Буквально пальцем я указала тебе на позицию рядом с Милой во втором ряду, но ты меня не заметил. Это, вроде, называется «качественно проигнорил». Зато моя подруга, по душевной доброте, тебя буквально за ручку привела к нужному месту.

— Так, ещё раз.

Я начала показывать новое движение рук в продолжении нашего танца. Ребята повторяли за мной, и, чаще всего, у них всё получалось прекрасно.

Но ты был ограничен в этом. Тебе не давались изящно даже обычные подтягивания рук вверх, не то что длительные проходы с быстрыми шагами. Будем честны, ты попросту являлся деревом, не умеющим делать что-то подобное.

— Прости, как там тебя? — обратился ты ко мне, когда в очередной раз у тебя что-то не получилось.

— Арьяна, — пояснила я за своё имя.

— Арьяна, — мягко произнёс ты, стараясь подобрать слова, — Не могла бы ты объяснять всё более понятно и толково? Чтобы всем людям стало понятно?

Вдох-выдох.

— Всем людям всё понятно, — ответила я, вновь скрестив руки на груди. — А вот, если ты — не человек, это, абсолютно точно, твои проблемы.

— Арьяна! — прошипела злобно Уля.

Старосте явно было не очень приятно, что в коллективе, дружном и сильном до твоего прихода, произошёл такой неприятный разлад. И, пусть она прекрасно понимала, что ты тащишь нас вниз, ты также являлся тем самым человеком, против которого она бы никогда не пошла.
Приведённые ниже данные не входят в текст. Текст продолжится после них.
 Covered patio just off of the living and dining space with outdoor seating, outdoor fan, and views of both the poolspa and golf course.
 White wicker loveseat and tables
Всё же, ей, как и Миле, очень хотелось тебе понравиться.

— Если тебе не нравится моё нахождение здесь, то я могу уйти, — выпалил мигом ты.

— Нет! — буквально вцепившись в твою руку, пропищала Мила. — Она так шутит!
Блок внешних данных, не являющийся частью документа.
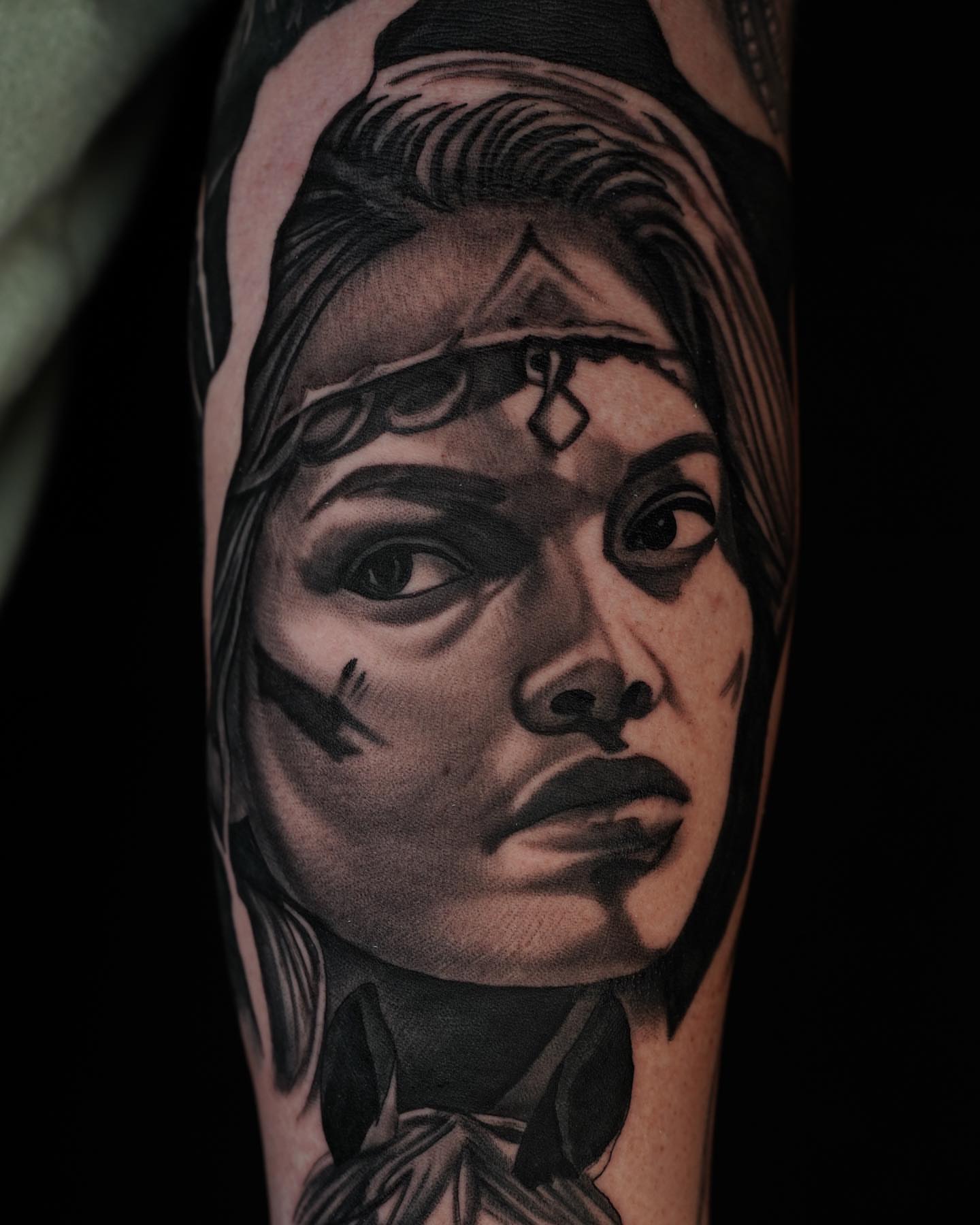 Woman's face realism tattoo on the forearm by Travis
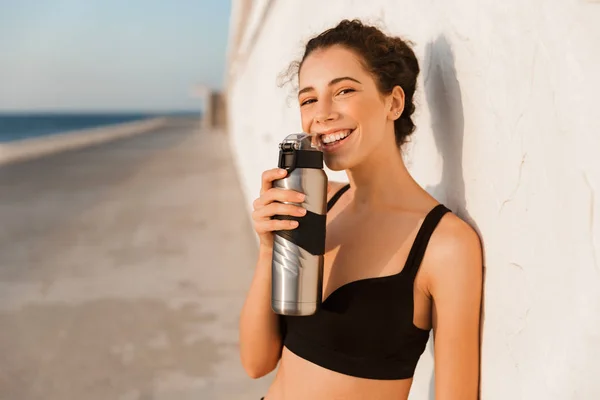 Smiling Young Sportswoman Standing Outdoors Seaside Leaning Wall Holding Water — Stock Photo, Image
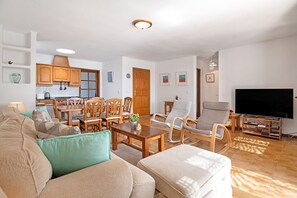 Un salon avec un canapé, des fauteuils, une table basse, un téléviseur et, au fond, une cuisine.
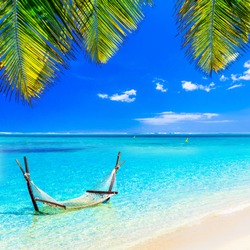 Tropical chilling out - hammock in turquoise water.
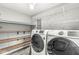 Updated laundry room with washer and dryer and plenty of shelving for storage at 5465 Leone Dr, Indianapolis, IN 46226
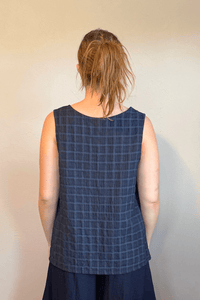 Gertie's 1052 Gail's Tank in Indigo tonal check Travel Crinkle fabric, with a sleeveless A-line silhouette, scoop neckline, and side slits.
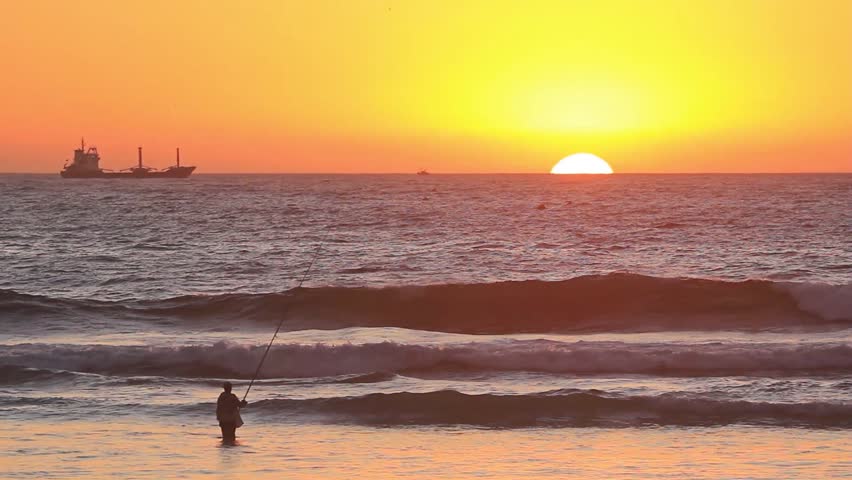 Moroccan fisherman fishing during sunset over Atlantic ocean. Composition include big ship on horizon and full sunset. Breath taking scenery of true Moroccan soul and flavor.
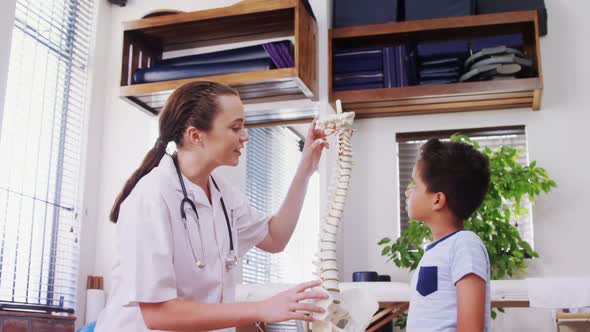 Female physiotherapist explaining spine model to boy patient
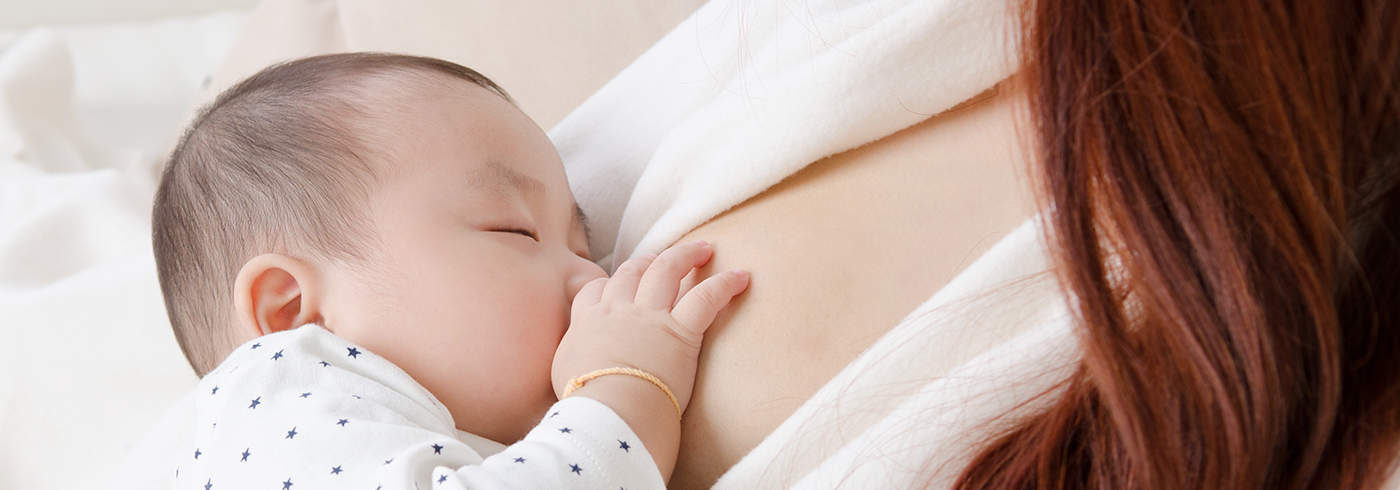 A mother breastfeeding her baby.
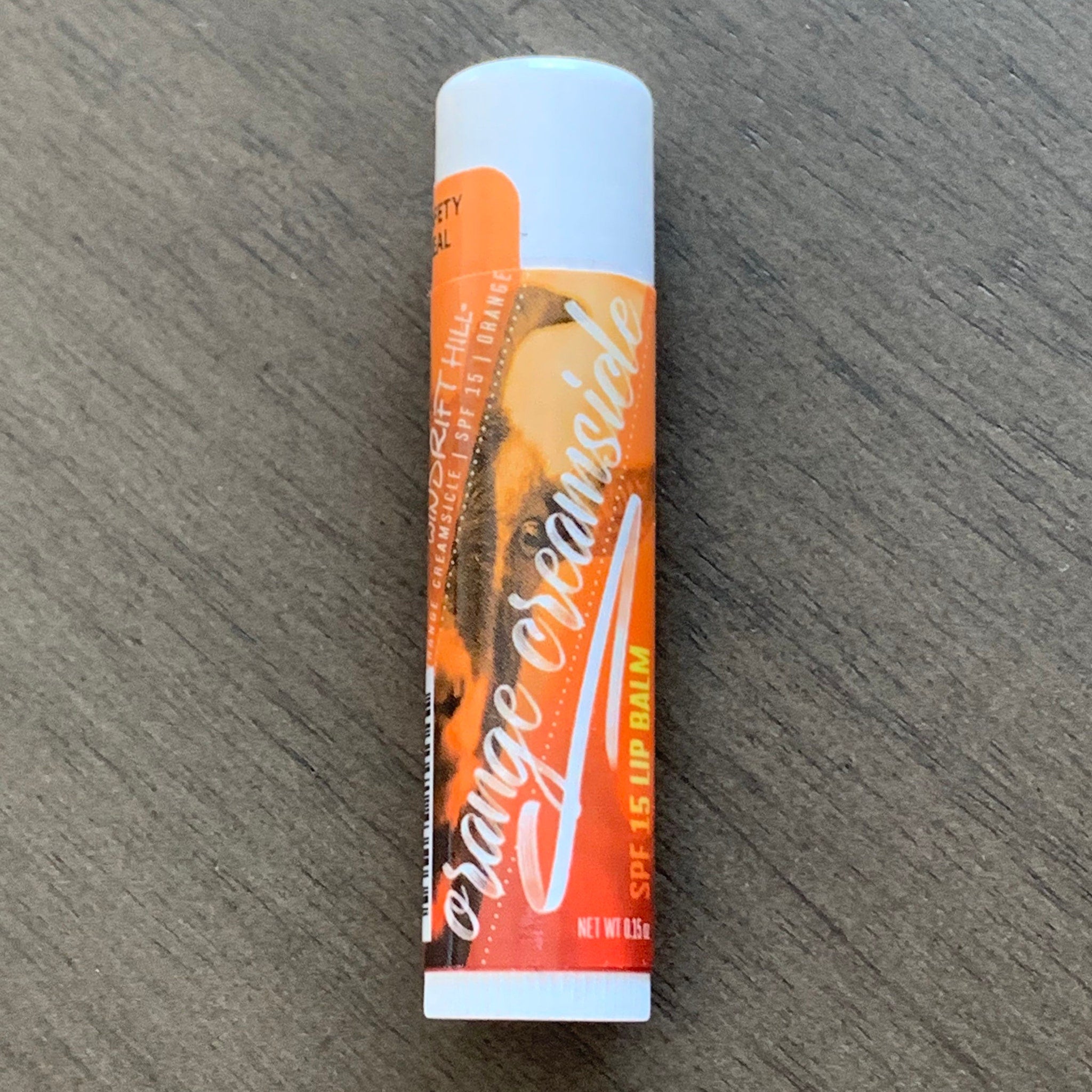 Lip balm tube with orange and white label, "Orange Creamsicle" text, on wood grain surface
На меня посмотрела пара зелёных и злобных глаз, от каких я невольно развернулась и сжала губы.

Твой ной на меня, удивительно, но немного подействовал, и я начала объяснять всё гораздо медленнее. Танцующий рядом Сергей старательно прятал свою сердитость, но, увы, его злобный оскал замечался даже невооружённым глазом. Уже со второго раза он повторял все мои движения идеально, но ему приходилось делать их снова и снова, лишь бы ты сумел всё понять. Оттого, естественно, его несдерживаемая, сочившаяся из всех мест злоба к концу занятия была мне понятна.

— Может, с ним Мила отдельно позанимается? — выпалил он, забирая свою сумку.

— Она занята, — сообщила я. — У неё курсы английского и немецкого.

— Я так понимаю, он сейчас на них её проводит? — спросил он, указав на идущую впереди нас парочку, тебя и моей лучшей подруги.

— Наверное, — ответила я.

Я прекрасно знала расписание своей подруги и точно знала, что её языковые курсы никак нельзя сдвинуть или отменить. У неё попросту не имелось возможности с тобой заниматься отдельно.

Оттого на следующем занятии, спустя целый день злобных комментариев со стороны Милы, я пришла к самому неприятному для себя решению.

— Герман! — какое же ужасное имя. — Можешь остаться ещё? — старалась я говорить, как можно спокойнее.

Все уже покинули зал, и у нас была прекрасная возможность выучить всё, пока школа не закрылась.

— Чтобы мы с тобой смогли выучить все движения?

— По-твоему у меня действительно есть на это время? — нагло выдавил из себя ты и твой куриный хохолок. — В отличие от некоторых у меня дел много…

По твоему мнению, только ты важен и только у тебя имеются задания к выполнению. В то время, как мне нужно было к пяти часам забрать младшую сестрёнку из садика и приготовить ужин до прихода мамы. Но, нет. В начале нашей дружбы ты действительно не зрел чужих деяний и не мог разглядеть хоть что-то дальше своего собственного вздёрнутого наверх гордого носика.